3.2.4.1.2. sklearn.linear_model.LarsCV

class sklearn.linear_model.LarsCV(fit_intercept=True, verbose=False, max_iter=500, normalize=True, precompute=’auto’, cv=’warn’, max_n_alphas=1000, n_jobs=None, eps=2.220446049250313e-16, copy_X=True, positive=False) [source]

Cross-validated Least Angle Regression model

Read more in the User Guide.

Parameters:

fit_intercept : boolean whether to calculate the intercept for this model. If set to false, no intercept will be used in calculations (e.g. data is expected to be already centered). verbose : boolean or integer, optional Sets the verbosity amount max_iter : integer, optional Maximum number of iterations to perform. normalize : boolean, optional, default True This parameter is ignored when fit_intercept is set to False. If True, the regressors X will be normalized before regression by subtracting the mean and dividing by the l2-norm. If you wish to standardize, please use sklearn.preprocessing.StandardScaler before calling fit on an estimator with normalize=False. precompute : True | False | ‘auto’ | array-like Whether to use a precomputed Gram matrix to speed up calculations. If set to 'auto' let us decide.
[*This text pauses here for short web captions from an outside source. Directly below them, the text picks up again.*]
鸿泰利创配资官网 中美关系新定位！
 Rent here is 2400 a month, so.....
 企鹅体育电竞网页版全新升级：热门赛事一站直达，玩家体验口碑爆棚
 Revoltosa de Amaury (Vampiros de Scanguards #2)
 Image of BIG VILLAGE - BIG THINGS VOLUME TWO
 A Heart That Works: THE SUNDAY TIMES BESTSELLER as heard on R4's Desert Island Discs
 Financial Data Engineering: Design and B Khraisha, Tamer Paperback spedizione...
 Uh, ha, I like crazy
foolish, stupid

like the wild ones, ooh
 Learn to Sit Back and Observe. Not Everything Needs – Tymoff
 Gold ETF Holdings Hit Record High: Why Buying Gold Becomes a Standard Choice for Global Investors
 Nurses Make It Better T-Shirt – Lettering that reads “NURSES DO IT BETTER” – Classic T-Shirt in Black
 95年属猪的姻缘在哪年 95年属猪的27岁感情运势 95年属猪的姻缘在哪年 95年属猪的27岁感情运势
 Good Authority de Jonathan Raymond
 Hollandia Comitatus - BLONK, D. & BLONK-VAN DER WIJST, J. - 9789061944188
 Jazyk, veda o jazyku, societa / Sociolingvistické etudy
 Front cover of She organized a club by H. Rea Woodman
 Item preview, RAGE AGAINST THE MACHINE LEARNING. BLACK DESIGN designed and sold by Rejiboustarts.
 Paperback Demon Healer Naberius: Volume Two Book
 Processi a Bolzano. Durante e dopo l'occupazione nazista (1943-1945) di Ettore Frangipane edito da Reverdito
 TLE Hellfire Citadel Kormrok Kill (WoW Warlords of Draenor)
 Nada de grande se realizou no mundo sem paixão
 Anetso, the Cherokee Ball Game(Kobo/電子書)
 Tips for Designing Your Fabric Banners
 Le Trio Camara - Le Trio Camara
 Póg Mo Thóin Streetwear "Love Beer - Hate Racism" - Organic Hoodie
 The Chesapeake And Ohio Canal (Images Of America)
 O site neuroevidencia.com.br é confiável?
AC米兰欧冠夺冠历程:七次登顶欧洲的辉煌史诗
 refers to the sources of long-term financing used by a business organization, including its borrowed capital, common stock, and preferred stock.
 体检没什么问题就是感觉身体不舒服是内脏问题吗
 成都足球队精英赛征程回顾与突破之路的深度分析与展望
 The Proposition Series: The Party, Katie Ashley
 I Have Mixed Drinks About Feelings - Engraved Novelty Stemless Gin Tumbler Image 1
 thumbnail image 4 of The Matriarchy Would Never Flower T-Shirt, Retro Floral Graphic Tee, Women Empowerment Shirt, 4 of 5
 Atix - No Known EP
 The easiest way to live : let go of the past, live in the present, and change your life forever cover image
The Gram matrix cannot be passed as argument since we will use only subsets of X. cv : int, cross-validation generator or an iterable, optional Determines the cross-validation splitting strategy. Possible inputs for cv are: None, to use the default 3-fold cross-validation, integer, to specify the number of folds. An object to be used as a cross-validation generator. An iterable yielding train/test splits. For integer/None inputs, KFold is used. Refer User Guide for the various cross-validation strategies that can be used here. Changed in version 0.20: cv default value if None will change from 3-fold to 5-fold in v0.22. max_n_alphas : integer, optional The maximum number of points on the path used to compute the residuals in the cross-validation n_jobs : int or None, optional (default=None) Number of CPUs to use during the cross validation. None means 1 unless in a joblib.parallel_backend context. -1 means using all processors. See Glossary for more details. eps : float, optional The machine-precision regularization in the computation of the Cholesky diagonal factors. Increase this for very ill-conditioned systems. copy_X : boolean, optional, default True If True, X will be copied; else, it may be overwritten. positive : boolean (default=False) Restrict coefficients to be >= 0. Be aware that you might want to remove fit_intercept which is set True by default. Deprecated since version 0.20: The option is broken and deprecated. It will be removed in v0.22.

Attributes:

coef_ : array, shape (n_features,) parameter vector (w in the formulation formula) intercept_ : float independent term in decision function coef_path_ : array, shape (n_features, n_alphas) the varying values of the coefficients along the path alpha_ : float the estimated regularization parameter alpha alphas_ : array, shape (n_alphas,) the different values of alpha along the path cv_alphas_ : array, shape (n_cv_alphas,) all the values of alpha along the path for the different folds mse_path_ : array, shape (n_folds, n_cv_alphas) the mean square error on left-out for each fold along the path (alpha values given by cv_alphas) n_iter_ : array-like or int the number of iterations run by Lars with the optimal alpha.

See also

lars_path, LassoLars, LassoLarsCV

Examples

>>> from sklearn.linear_model import LarsCV
>>> from sklearn.datasets import make_regression
>>> X, y = make_regression(n_samples=200, noise=4.0, random_state=0)
>>> reg = LarsCV(cv=5).fit(X, y)
>>> reg.score(X, y) 
0.9996...
>>> reg.alpha_
0.0254...
>>> reg.predict(X[:1,])
array([154.0842...])

Methods

fit(X, y)	Fit the model using X, y as training data.
get_params([deep])	Get parameters for this estimator.
predict(X)	Predict using the linear model
score(X, y[, sample_weight])	Returns the coefficient of determination R^2 of the prediction.
set_params(**params)	Set the parameters of this estimator.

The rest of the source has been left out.